■ **Data to examine**:
<<<<
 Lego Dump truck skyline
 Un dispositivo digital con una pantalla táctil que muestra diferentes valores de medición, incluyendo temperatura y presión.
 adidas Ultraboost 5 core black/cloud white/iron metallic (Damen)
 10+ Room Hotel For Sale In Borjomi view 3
>>>>
<<<<
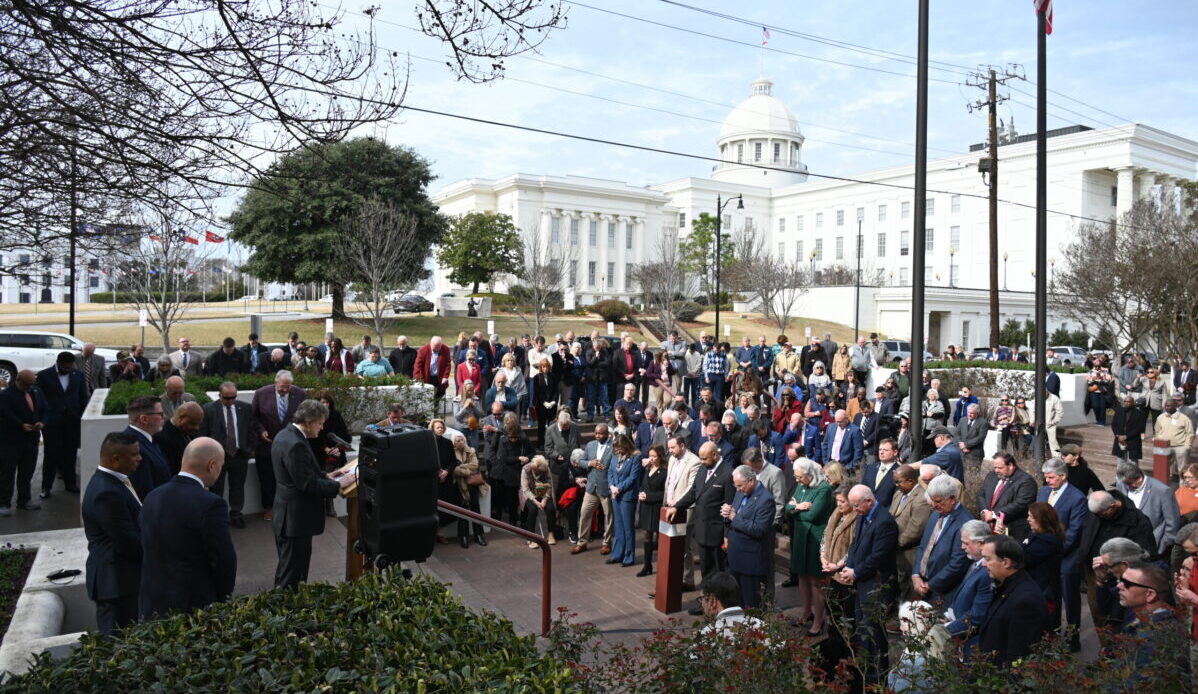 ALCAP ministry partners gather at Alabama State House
>>>>
■ **Work to be completed**: Reproduce exactly the entries above, limited to the lines from the one with "Lego Dump truck skyline" through the one with "10+ Room Hotel For Sale In Borjomi view 3", both included.

■ **Your solution**:
 Lego Dump truck skyline
 Un dispositivo digital con una pantalla táctil que muestra diferentes valores de medición, incluyendo temperatura y presión.
 adidas Ultraboost 5 core black/cloud white/iron metallic (Damen)
 10+ Room Hotel For Sale In Borjomi view 3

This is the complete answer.